Additive - The effect of changes in a predictor $X_j$ is independent of the values of the other predictors.

Linear - Change in the response Y due to a one-unit change in $X_j$ is constant, regardless of the value of $X_j$.

Learning strategy 1: Minimize sum of squared error with gradient descent -¶

One idea is to learn parameters ($\theta$) that minimize the squared error between the model ($\theta^T X$) and measured target ($Y$) for our $m$ training examples.

In CS229, the objective is defined below (ISL defines this as residual sum of squares, or RSS):

$J(\theta) = \frac{1}{2} \sum\limits_{i=1}^m (h_{\theta} (X^i) - y^i)^2$

This cost fuction is convex quadratic, meaning it has a single global minimum.

This is shown below using $\theta = (\beta_o,\beta_1)$.

In [75]:

from IPython.display import Image
i = Image(filename=os.getcwd()+'/Images/RSS.png') # from the ISL text.
i

Out[75]:

There is a point (red, above) in parameter space that minimizes the cost funtion ($RSS$, above).
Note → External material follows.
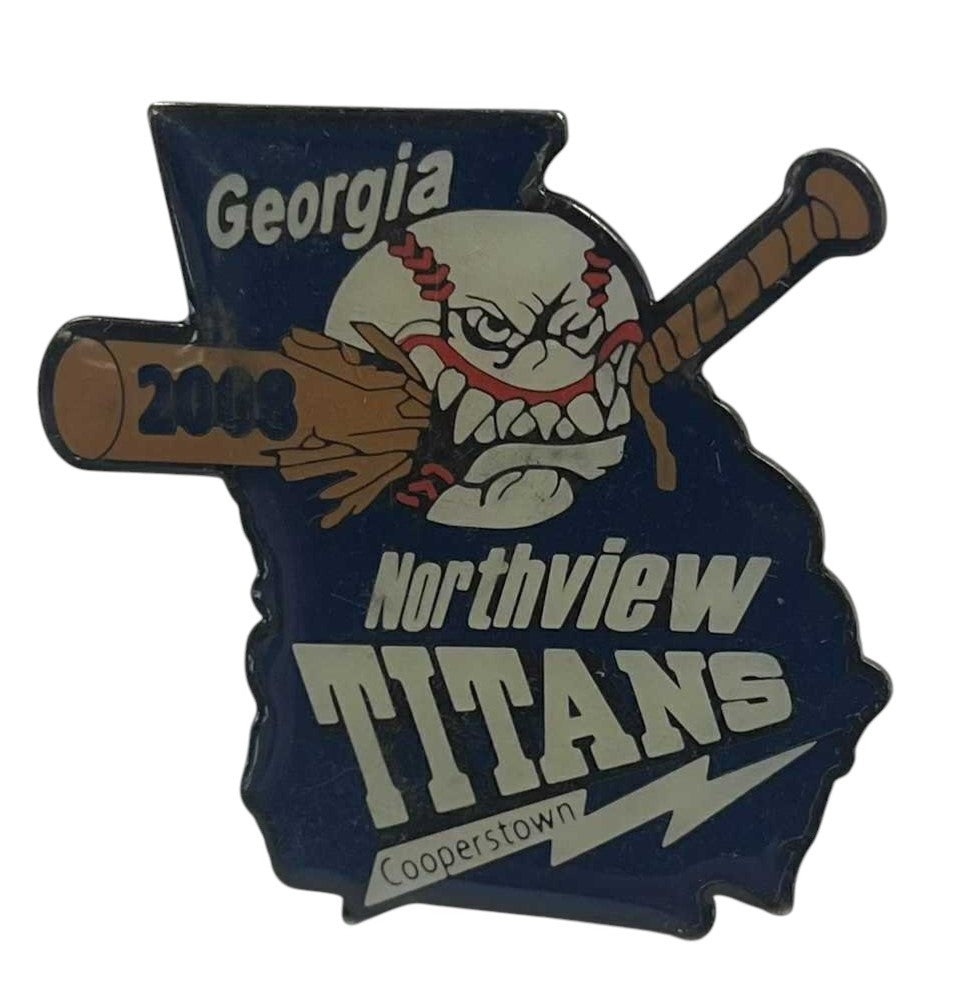 2008 Cooperstown Dreams Park Trading Pins Georgia Northview Titans Baseball Pin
The challenge is to find the parameters, $\theta = (\beta_o,\beta_1)$, at this minimum.

Because of the shape of the funtion (convex), this slope is negative until the global minimum is reached:

$ \frac{\partial}{\partial \theta_j} J(\theta) \leq 0 $

So, we can use the gradient descent algorithm:

Start with a guess for $\theta$
Compute the slope
Iterativly change $\theta$ in the direction of greatest descent of $J(\theta)$

$$ \theta_j := \theta_j - \alpha \frac{\partial}{\partial \theta_j} J(\theta) $$

We can see:

$\alpha$ as the learning rate
:= indicates assignment of values any element $j$ of $\theta$

$\theta_j$ is updated until $\frac{\partial}{\partial \theta_j} J(\theta) = 0$ at the global minimum.

In order to use this, we need to know $$\frac{\partial}{\partial \theta_j} J(\theta)$.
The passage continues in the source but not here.